La Casa’s community programs director, Lindsay Sweetnam, talked to residents who had gathered for the meeting about the group’s crucial work to provide shelter, support and legal advocacy to victims of domestic violence.

“Domestic violence is something we’ve all seen in the news a lot lately, and statistics show that one out of three women will experience domestic violence sometime in their life, and it’s traditionally an under-reported crime,” Sweetnam said.

She also provided background information on the center, including its history and services, and talked about various forms of abuse, both mental and physical, as well as resources for victims of domestic violence.

Following her presentation, community members inquired about La Casa’s relocation support services and volunteer opportunities at the center.

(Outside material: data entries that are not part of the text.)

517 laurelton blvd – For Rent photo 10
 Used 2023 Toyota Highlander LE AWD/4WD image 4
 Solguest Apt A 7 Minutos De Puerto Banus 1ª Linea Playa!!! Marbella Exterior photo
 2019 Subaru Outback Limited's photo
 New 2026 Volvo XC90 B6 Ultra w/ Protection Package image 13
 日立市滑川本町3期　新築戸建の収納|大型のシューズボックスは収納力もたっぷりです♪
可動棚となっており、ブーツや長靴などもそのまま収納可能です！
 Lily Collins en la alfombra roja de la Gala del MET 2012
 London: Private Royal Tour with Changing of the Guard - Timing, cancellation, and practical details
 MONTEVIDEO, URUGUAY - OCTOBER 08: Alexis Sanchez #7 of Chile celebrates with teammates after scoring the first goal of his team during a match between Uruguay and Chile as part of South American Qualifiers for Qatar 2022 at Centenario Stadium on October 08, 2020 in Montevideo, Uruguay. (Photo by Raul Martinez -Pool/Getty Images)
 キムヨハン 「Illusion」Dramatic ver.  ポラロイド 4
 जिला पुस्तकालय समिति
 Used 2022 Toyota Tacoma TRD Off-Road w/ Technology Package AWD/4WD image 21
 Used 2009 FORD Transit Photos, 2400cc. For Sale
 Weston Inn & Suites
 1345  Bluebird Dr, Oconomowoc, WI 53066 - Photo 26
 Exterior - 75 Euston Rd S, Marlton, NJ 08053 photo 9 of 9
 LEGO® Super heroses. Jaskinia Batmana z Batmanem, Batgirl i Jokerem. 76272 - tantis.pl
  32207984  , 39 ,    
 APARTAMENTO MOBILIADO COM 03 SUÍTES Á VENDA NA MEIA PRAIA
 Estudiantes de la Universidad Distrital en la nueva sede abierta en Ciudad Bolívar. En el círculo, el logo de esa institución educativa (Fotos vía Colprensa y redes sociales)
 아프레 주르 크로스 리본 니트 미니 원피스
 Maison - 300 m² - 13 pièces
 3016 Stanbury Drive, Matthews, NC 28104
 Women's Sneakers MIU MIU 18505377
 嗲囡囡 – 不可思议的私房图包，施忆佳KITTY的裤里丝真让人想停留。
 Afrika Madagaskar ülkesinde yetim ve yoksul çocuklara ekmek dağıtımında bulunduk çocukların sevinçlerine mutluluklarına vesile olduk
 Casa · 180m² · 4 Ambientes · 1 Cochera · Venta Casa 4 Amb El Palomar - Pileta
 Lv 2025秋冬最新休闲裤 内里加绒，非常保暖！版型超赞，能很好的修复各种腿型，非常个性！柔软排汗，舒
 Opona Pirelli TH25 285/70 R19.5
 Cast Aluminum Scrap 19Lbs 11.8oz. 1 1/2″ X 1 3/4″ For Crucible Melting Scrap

“I will say with full confidence that we would not be able to run without the amazing volunteer program that we have,” Sweetnam said.

Following La Casa’s presentation, a representative of the Department of Public Health talked about off-sale liquor licenses and their regulation in San Francisco. Off-sale alcohol outlets are retail establishments that are authorized to sell beer, wine and/or distilled spirits that are taken elsewhere to be consumed, the presenter explained.

She spoke about statewide regulations for selling alcohol and the Deemed Approved Uses Ordinance, a local law that requires businesses that sell alcoholic beverages to maintain their businesses in an upright and lawful manner for the community. She also provided a map of off-sale alcohol outlets in the city by supervisorial district.

“We have data about higher rates of violent crime, drug sales, money laundering — wherever you have higher density of alcohol you’re going to see higher rates of all these things. The corner stores present a different kind of issue in San Francisco because there’s just so many of them,” she said.

After the presentations, Moser conducted the meeting as usual, providing an overview of crime statistics from Oct. 14 to Nov. 10, then opening up the floor to questions and comments.

Overall, Moser said, robberies were down 25 percent while aggravated assaults were up 67 percent. There was a 15 percent increase in violent crime, with no change in burglaries, which hovered at 36. Auto theft was down 22 percent.

Moser noted that the numbers and results were skewed because of the chaos and vandalism that happened following the Giants’ World Series win.

He outlined a handful of “outstanding arrests” over the Thanksgiving break. This included the Nov. 21 arrest of a suspect for locker burglaries at a health club, the arrest of a suspected cell phone thief and recovery of the stolen phone on Nov. 23, and a Nov. 24 arrest in a residential burglary.

Following Moser’s presentation on crime statistics, community members voiced numerous neighborhood grievances, the majority pertaining to the persistent prostitute and pimp problem on Capp and Shotwell.

“This is worse than it ever was before, in my opinion,” said one Mission resident.

Moser responded that since Sept. 1, police have made 87 arrests for prostitution on Capp and Shotwell.

Regardless, he conceded, “prostitution is still a big issue.”

Other residents complained of menacing and threatening activity on Harrison and 24th streets, with large groups of teenagers loitering on the street “in a very intimidating fashion.”

“They take over the whole block,” a longtime resident lamented.

Moser suggested the creation of a neighborhood watch group for the 2800 block of Harrison Street.

“That would be a great, great first step,” Moser said. “There is strength in numbers. It’s a way to empower a neighborhood.”

Residents agreed that this could be a viable solution.

“I have so much of my life invested in that house, and I hate coming home, I really do,” said a Harrison Street resident. “I should not be overrun from my house.”